Mailing List Archive: Automatic subject classification

Automatic subject classification

axel at uni-paderborn

Sep 9, 2002, 11:34 AM

Post #1 of 11 (1774 views)

I think that a subject classification of articles would vastly improve
"soft security" and would save regulars a lot of time, since not
everyone would have to check every edit as currently seems to be the
case.

>I'd still like to see if we couldn't build those subjects
>automatically in some way based on links in the database.

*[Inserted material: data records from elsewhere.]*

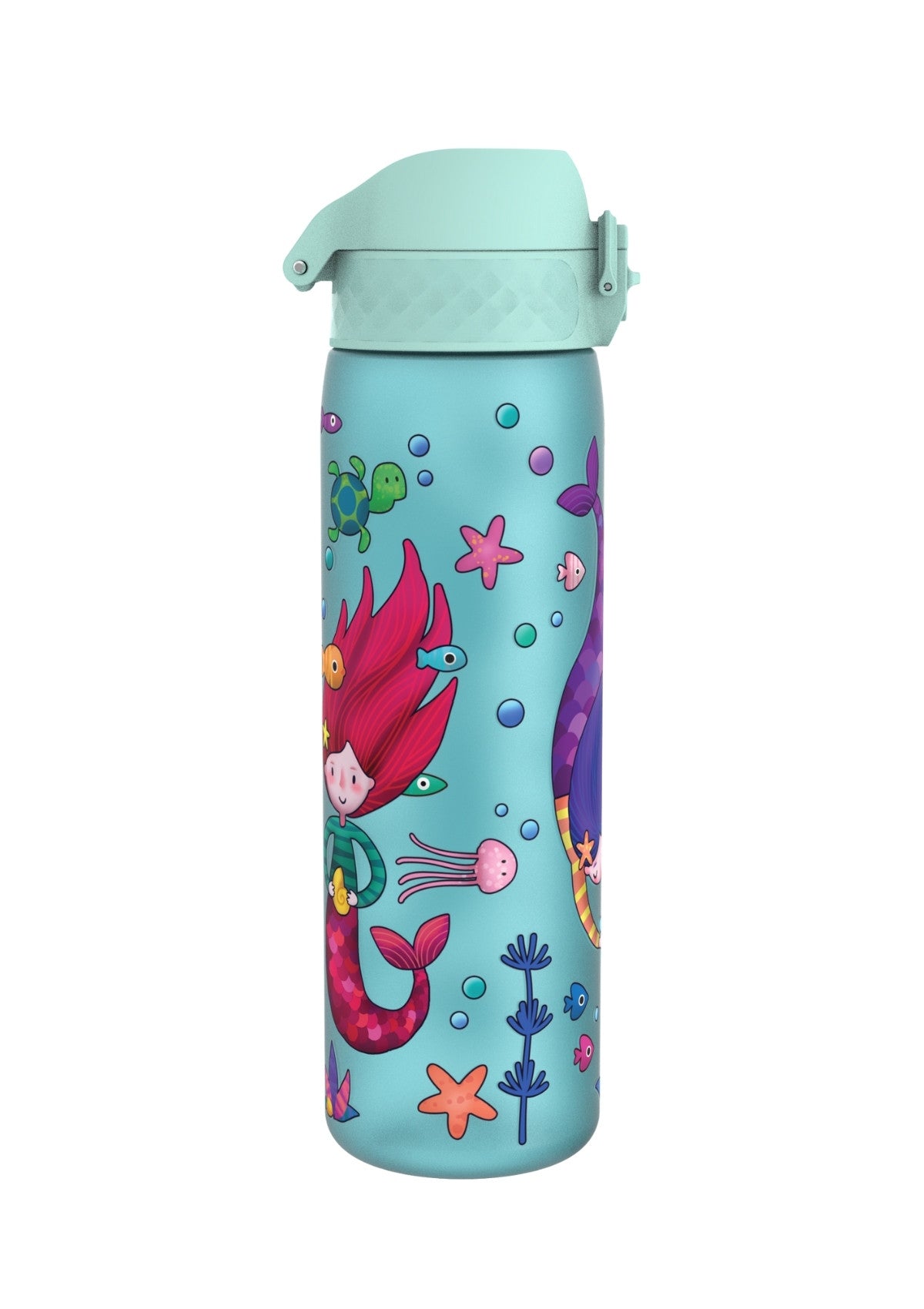 ION8 Recyclon Mermaids Sonic Blue Water Bottle Leak Proof 500ml Z2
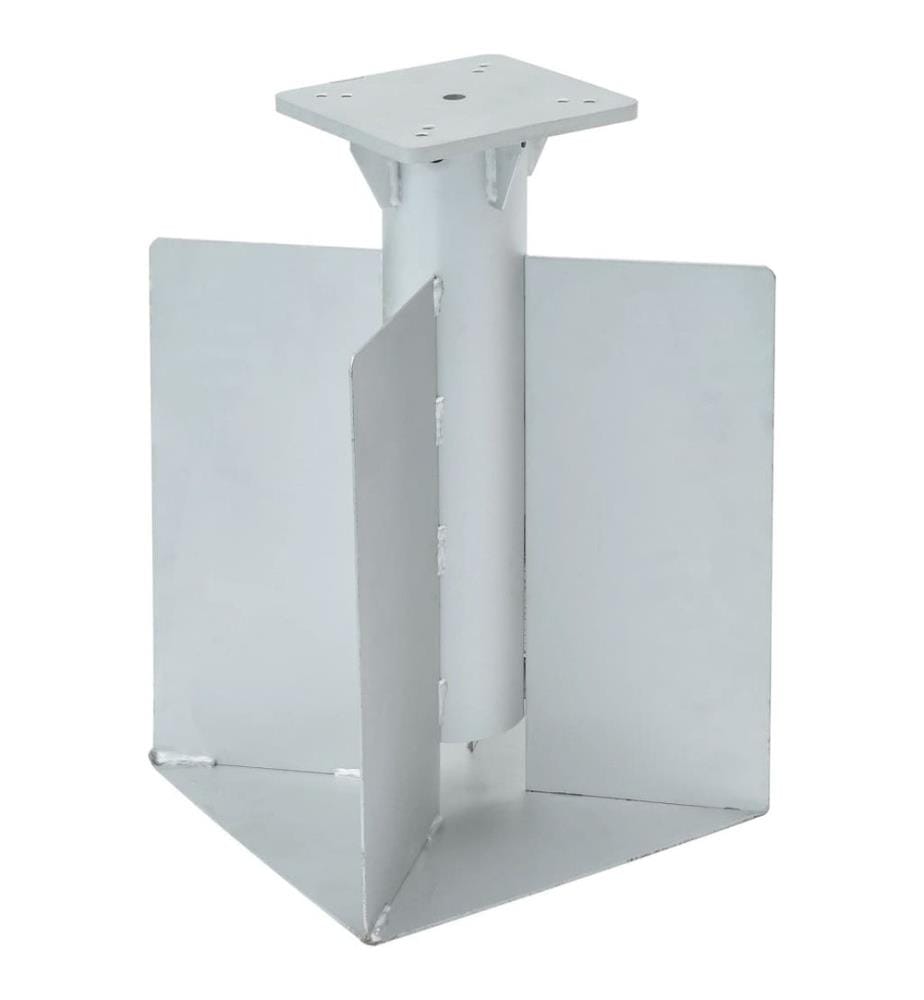 Base de parasol enterré argenté 27,5x27,5x45 cm acier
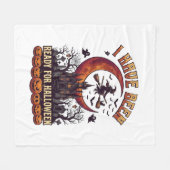 Bereit Halloween Hexen Schloss Mond_1 Fleecedecke (Vorderseite (Horizontal))
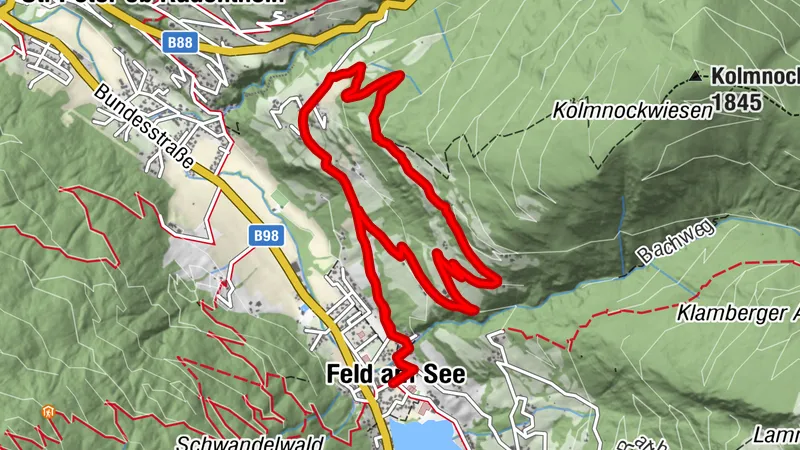 Percorso Klamberg | percorso nock/bike 21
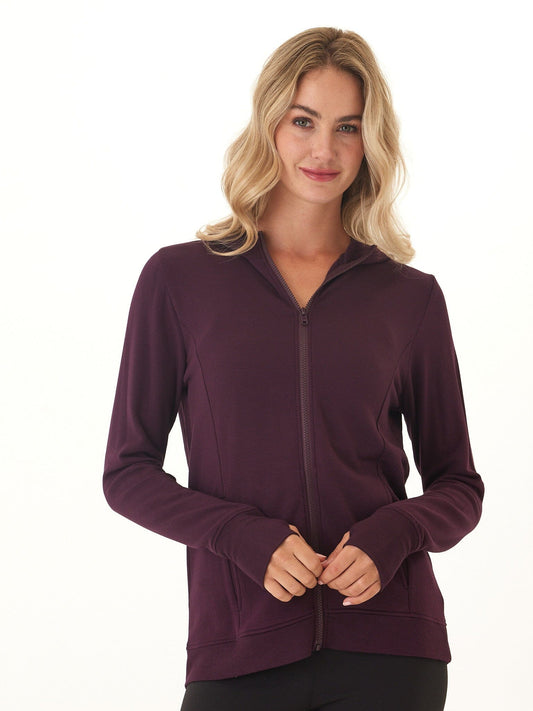 Neyra Feather Fleece Zip Hoodie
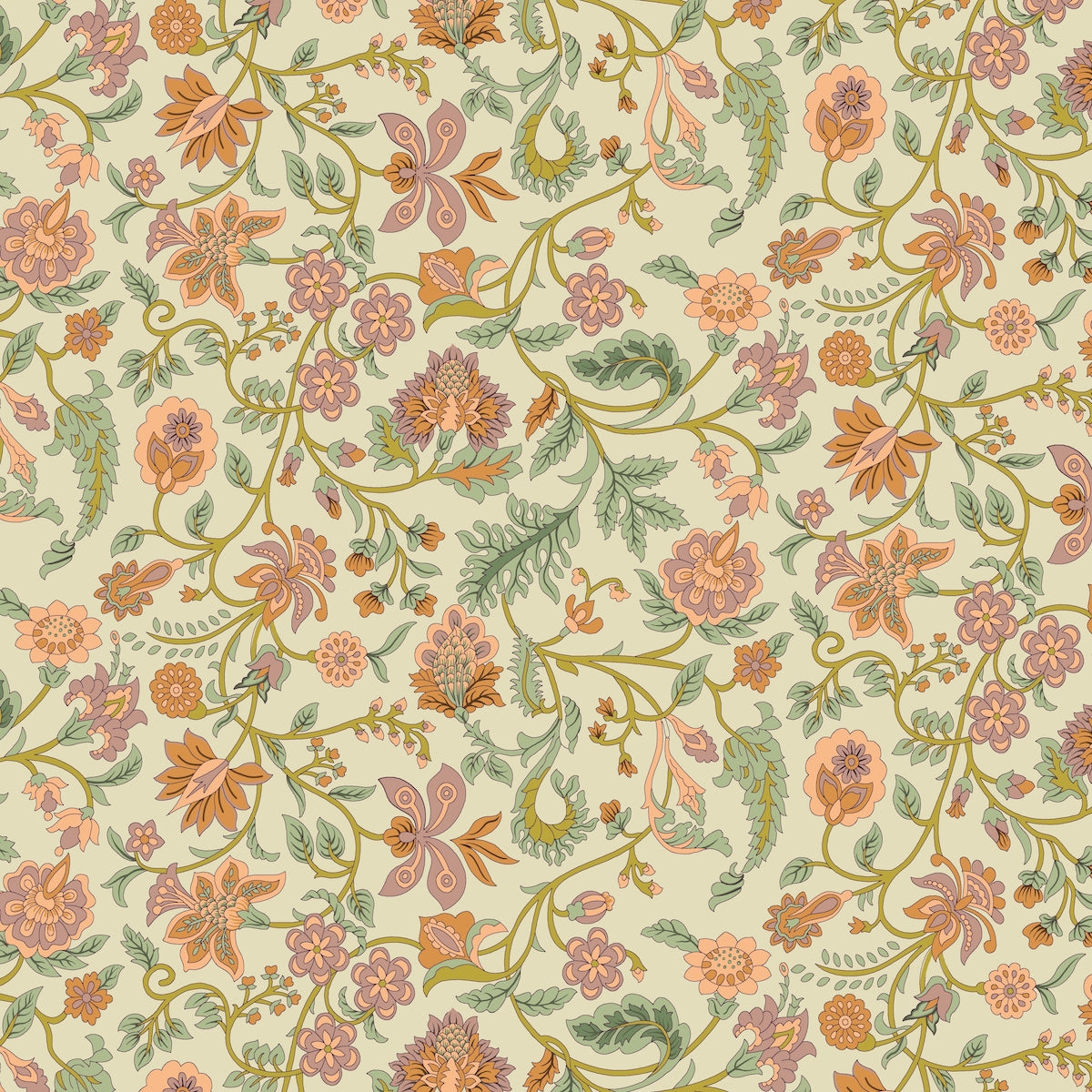 Paisley & Peony Wallpaper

How about this: the possible topics coincide with the major pages
listed on [[Main Page]] (from "Astronomy" to "Visual Arts"). The
shortest link path from such a topic page to an article defines that
article's topic. If there is no such path, then the article is
classified as a topic orphan.

To compute these topics quickly, the cur table gets two new columns:
topic and distance, where distance stands for the link distance from the
Main Page topic page. If a new article is created, looking at the
distance entries of all articles that link to the new one, and taking
the minimum, immediately classifies the new one. If an existing
article is saved, the topic and distance entries of all articles it
links to (and their children) may need to be updated; these changes
can be propagated in a recursive manner.

Would that work?

Axel

Re: Automatic subject classification [ In reply to ]

saintonge at telus

Sep 9, 2002, 11:39 AM

Post #2 of 11 (1770 views)

Axel Boldt wrote:

>I think that a subject classification of articles would vastly improve
>"soft security" and would save regulars a lot of time, since not
>everyone would have to check every edit as currently seems to be the
>case.
>
>>I'd still like to see if we couldn't build those subjects
>>automatically in some way based on links in the database.
>>
>How about this: the possible topics coincide with the major pages
>listed on [[Main Page]] (from "Astronomy" to "Visual Arts"). The
>shortest link path from such a topic page to an article defines that
>article's topic. If there is no such path, then the article is
>classified as a topic orphan.
>
>To compute these topics quickly, the cur table gets two new columns:
>topic and distance, where distance stands for the link distance from the
>Main Page topic page. If a new article is created, looking at the
>distance entries of all articles that link to the new one, and taking
>the minimum, immediately classifies the new one. If an existing
>article is saved, the topic and distance entries of all articles it
>links to (and their children) may need to be updated; these changes
>can be propagated in a recursive manner.
>
>Would that work?
>
>Axel
>
Interesting! I had a very similar thought a couple months ago, and
never bothered to mention it. I guess that qualifies Axel for the4
moral copyrights.on the idea.

The orphan (like the main page) would simply have a distance value of 0.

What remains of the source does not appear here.